Welcome
TwitterFacebookGoogle

Investigating multi-view differential evolution for solving constrained engineering design problems

Several constrained and unconstrained optimization problems have been adequately solved over the years thanks to advances in the metaheuristics area. In the last decades, different metaheuristics have been proposed employing new ideas, and hybrid algorithms that improve the original metaheuristics have been developed. One of the most successfully employed metaheuristics is the Differential Evolution.
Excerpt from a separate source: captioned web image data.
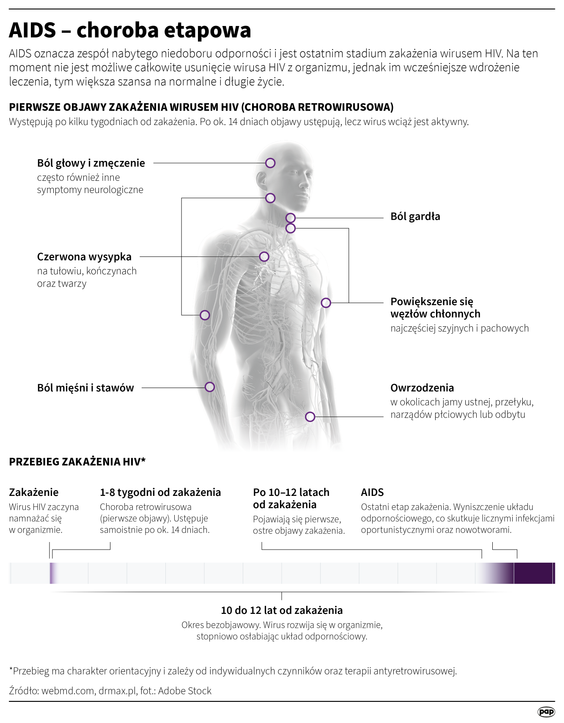 AIDS choroba etapowa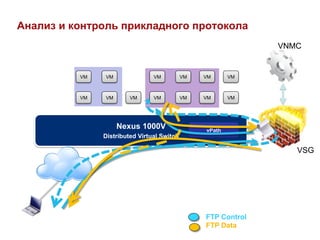 Анализ и контроль прикладного протокола
                                                               VNMC


          VM   VM               VM          VM   VM      VM



          VM   VM       VM      VM          VM   VM      VM




                    Nexus 1000V                  vPath
               Distributed Virtual Switch

                                                                  VSG




                                                 FTP Control
                                                 FTP Data
 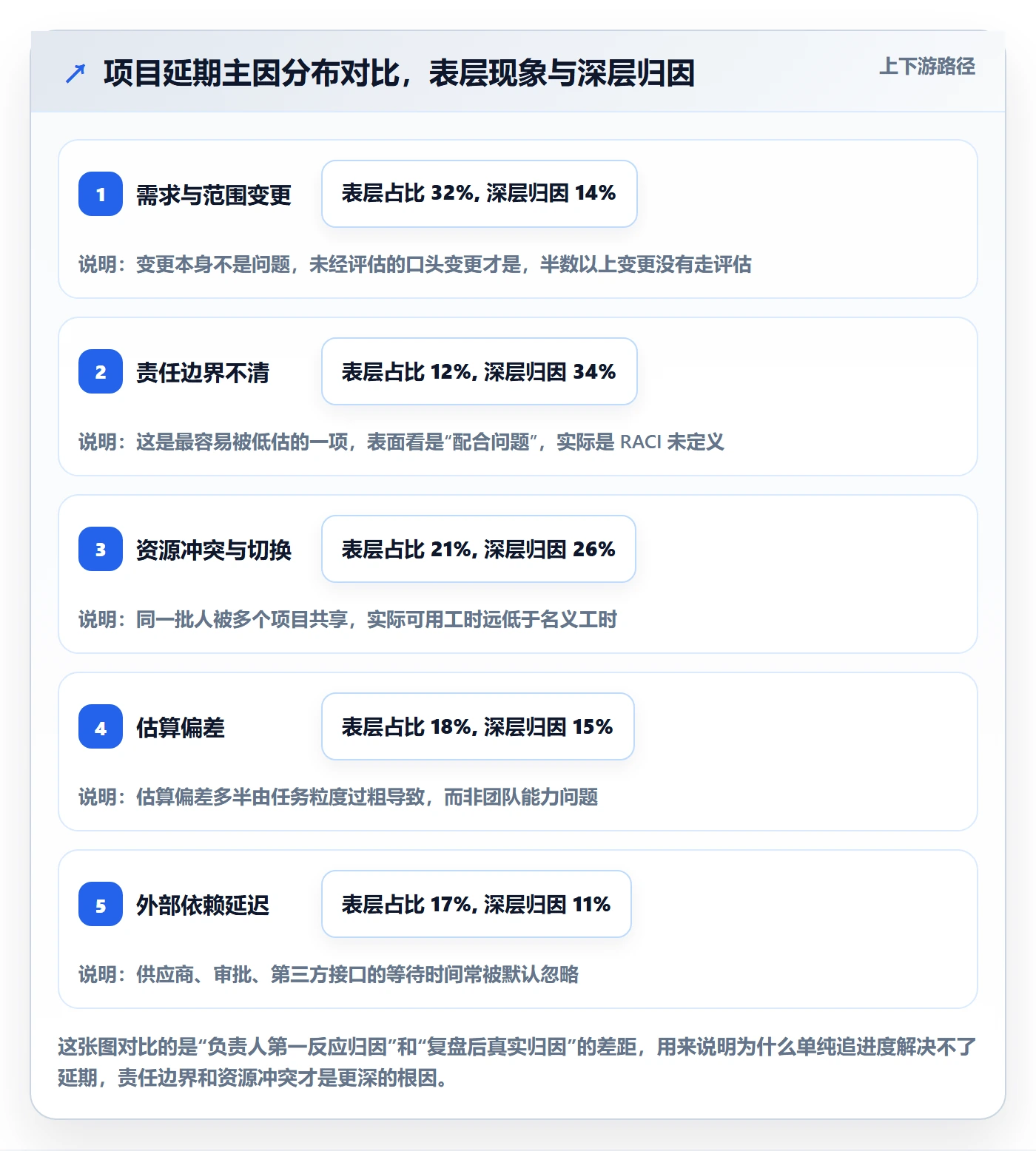 项目规划工作计划全流程:项目负责人最佳实践与一文讲清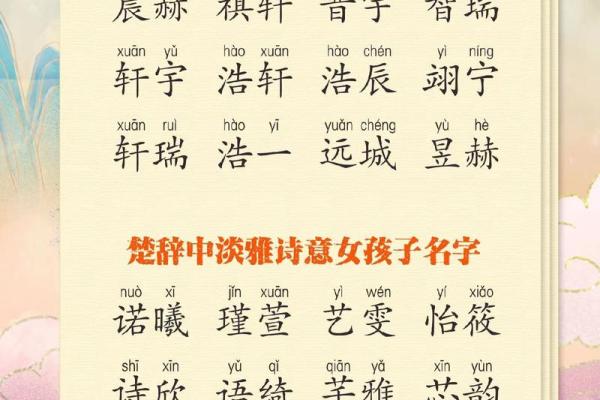 在线起名字：为宝宝选个独特又有意义的名字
In this paper it is proposed a Multi-View Differential Evolution algorithm (MVDE) in which several mutation strategies are applied to the current population to generate different views at each iteration. The views are then merged according to the winner-takes-all paradigm, resulting in automatic exploration/exploitation balance. MVDE was tested to solve a set of well-known constrained engineering design problems and the obtained results were compared to those from many state-of-the-art metaheuristics. Results show that MVDE was very competitive in the considered problems, largely outperforming several of the compared algorithms.

 
Highlights:

  • A global optimization algorithm for constrained global optimization
  • Employs a penalty function for handling constraints
  • Uses an idea from machine learning that can be used in other metaheuristics
  • Results in a more efficient global optimization method
  • Tested in: welded beam, speed reducer, three-bar truss, pressure vessel, tension/compression spring
  • Compared to: Adaptive Differential Evolution, Particle Swarm Optimization, Genetic Algorithm, Social Behavior algorithm, Group Search optimizer

 

Melo, Vinícius Veloso de ; CAROSIO, G. L. C. . Investigating multi-view differential evolution for solving constrained engineering design problems. Expert Systems with Applications, 2013.

 

@article{DBLP:journals/eswa/MeloC13,
title = “Investigating Multi-View Differential Evolution for solving constrained engineering design problems”,
journal = “Expert Systems with Applications”,
volume = “40″,
number = “9″,
pages = “3370 – 3377″,
year = “2013″,
note = “”,
issn = “0957-4174″,
doi = “10.1016/j.eswa.2012.12.045″,
ee = {http://dx.doi.org/10.1016/j.eswa.2012.12.045},
url = “http://www.sciencedirect.com/science/article/pii/S0957417412012869″,
author = “Viní­cius V. de Melo and Grazieli L.C. Carosio”,
keywords = “Evolutionary computation”,
keywords = “Global optimization”,
keywords = “Constrained optimization”,
keywords = “Metaheuristics”,
keywords = “Differential Evolution”
}

 
Keywords:
Computació evolutiva. Optimització global. Optimització constret. Metaheuristic. Enginyeria problema de disseny. Evolució diferencial.
进化计算。全局优化。约束的优化问题。超启发式。工程设计问题。微分进化。
進化計算。全域優化。約束的優化問題。超啟發式。工程設計問題。微分進化。
Calcul évolutionnaire. Optimisation globale. Optimisation contrainte. Métaheuristique. problème de conception ingénierie. Évolution différentielle.
Evolutionary computing. Globale Optimierung. Eingeschränkte Optimierung. Metaheuristic. Engineering Design-Problem. Differenzielle Evolution.
विकासवादी अभिकलन। वैश्विक अनुकूलन। विवश अनुकूलन। Metaheuristic. इंजीनियरिंग डिजाइन समस्या है। विभेदक विकास।
Pengkomputeran evolusi. Global pengoptimuman. Dihalang pengoptimuman. Metaheuristic. Kejuruteraan Reka bentuk masalah. Evolusi yang berbeza.
Computación evolutiva. Optimización global. Optimización con restricciones. Metaheurísticas. problema de diseño de ingeniería. Evolución diferencial.